## About this exercise
For this exercise, transcribe every line of the material exactly and skip the pictures.
─── Extracted records ───
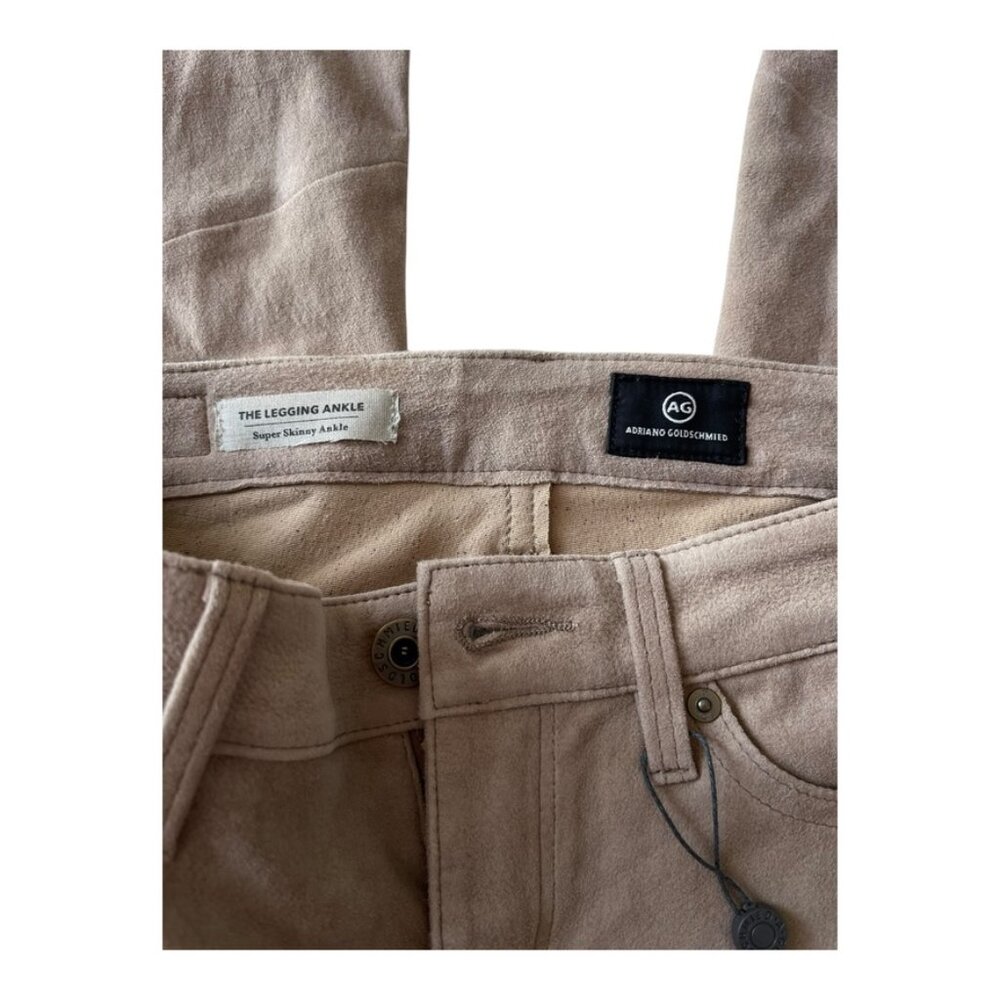 Adriano Goldschmied AG Leather Suede Legging Women's Tan Super Skinny NEW Sz. 25 - Picture 9 of 14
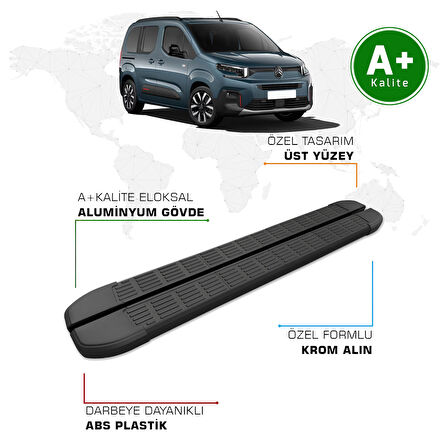 Citroen Berlingo Yan Basamak Kısa Şasi 2024 Model ve Sonrası S-Line Siyah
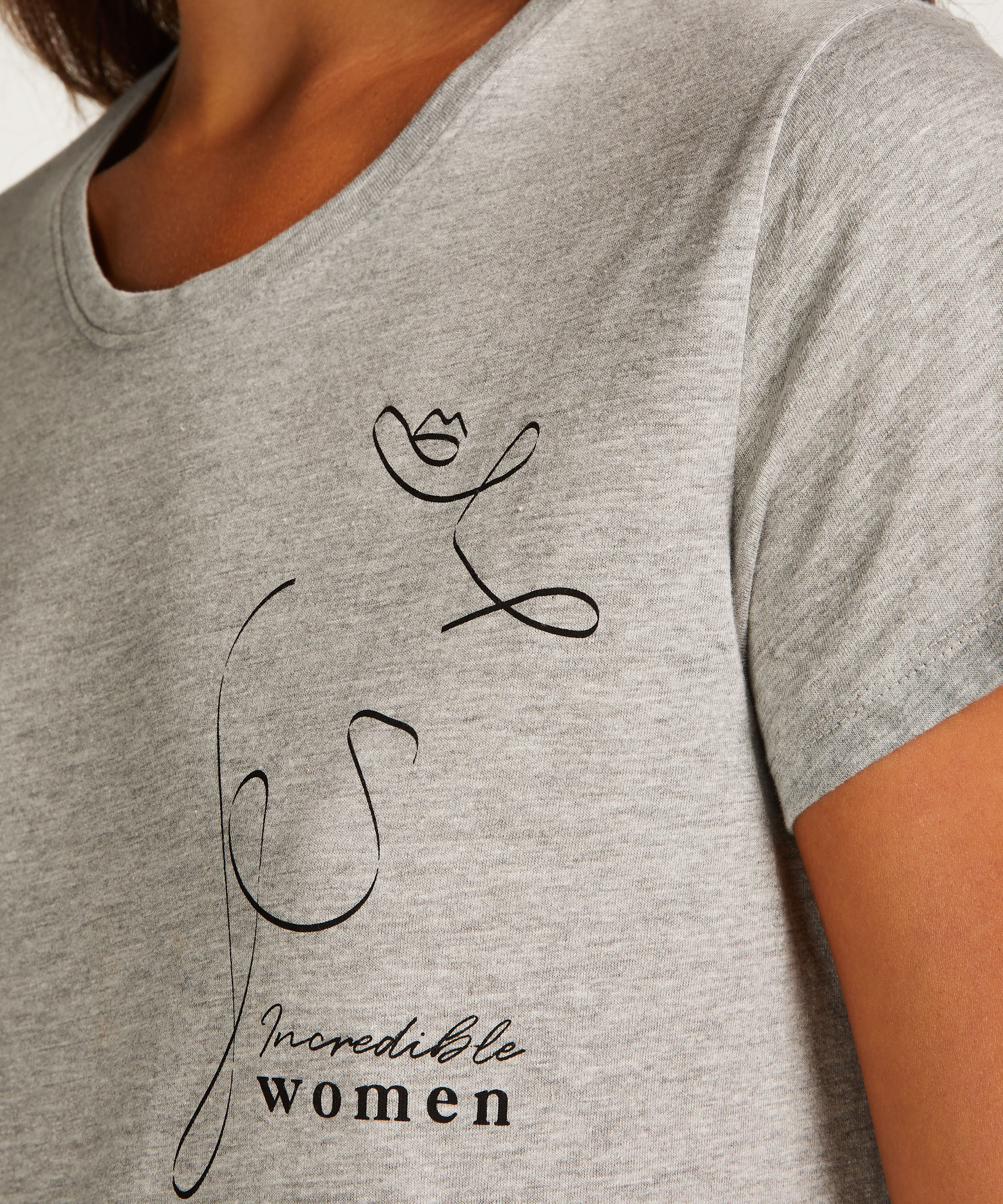 Nachthemd Rundhals, Grau, main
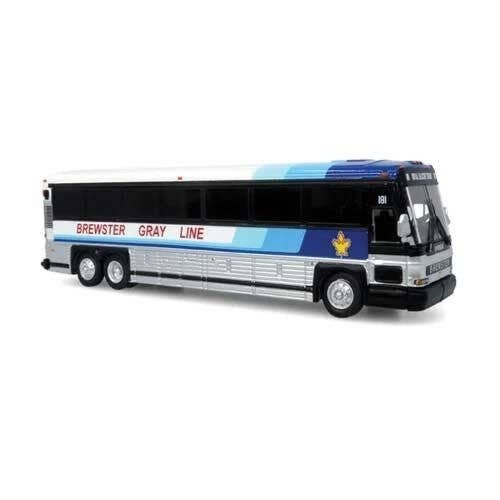 MCI D4000 Coach - Assembled -- Brewster Gray Line (blue, silver, red, black), HO, Iconic Replicas 870622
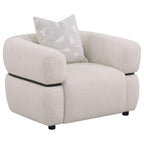 Jeanette 3-piece Fabric Upholstered Round Arm Sofa Set Beige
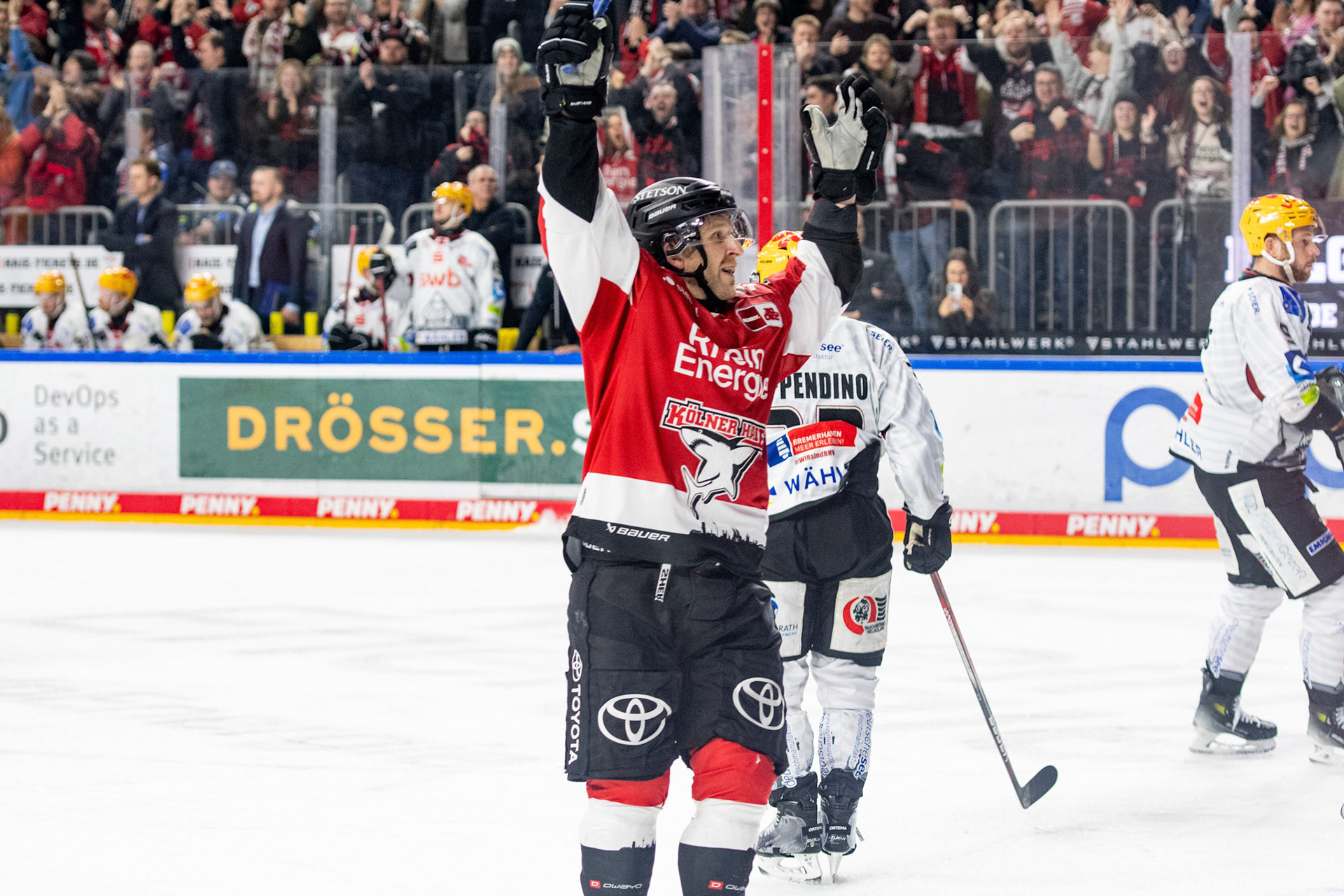 Frederik Storm beim Torjubel; DEL Kölner Haie - Fishtown Pinguins Bremerhaven, 30.01.2024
───
## Reply
 Adriano Goldschmied AG Leather Suede Legging Women's Tan Super Skinny NEW Sz. 25 - Picture 9 of 14
 Citroen Berlingo Yan Basamak Kısa Şasi 2024 Model ve Sonrası S-Line Siyah
 Nachthemd Rundhals, Grau, main
 MCI D4000 Coach - Assembled -- Brewster Gray Line (blue, silver, red, black), HO, Iconic Replicas 870622
 Jeanette 3-piece Fabric Upholstered Round Arm Sofa Set Beige
 Frederik Storm beim Torjubel; DEL Kölner Haie - Fishtown Pinguins Bremerhaven, 30.01.2024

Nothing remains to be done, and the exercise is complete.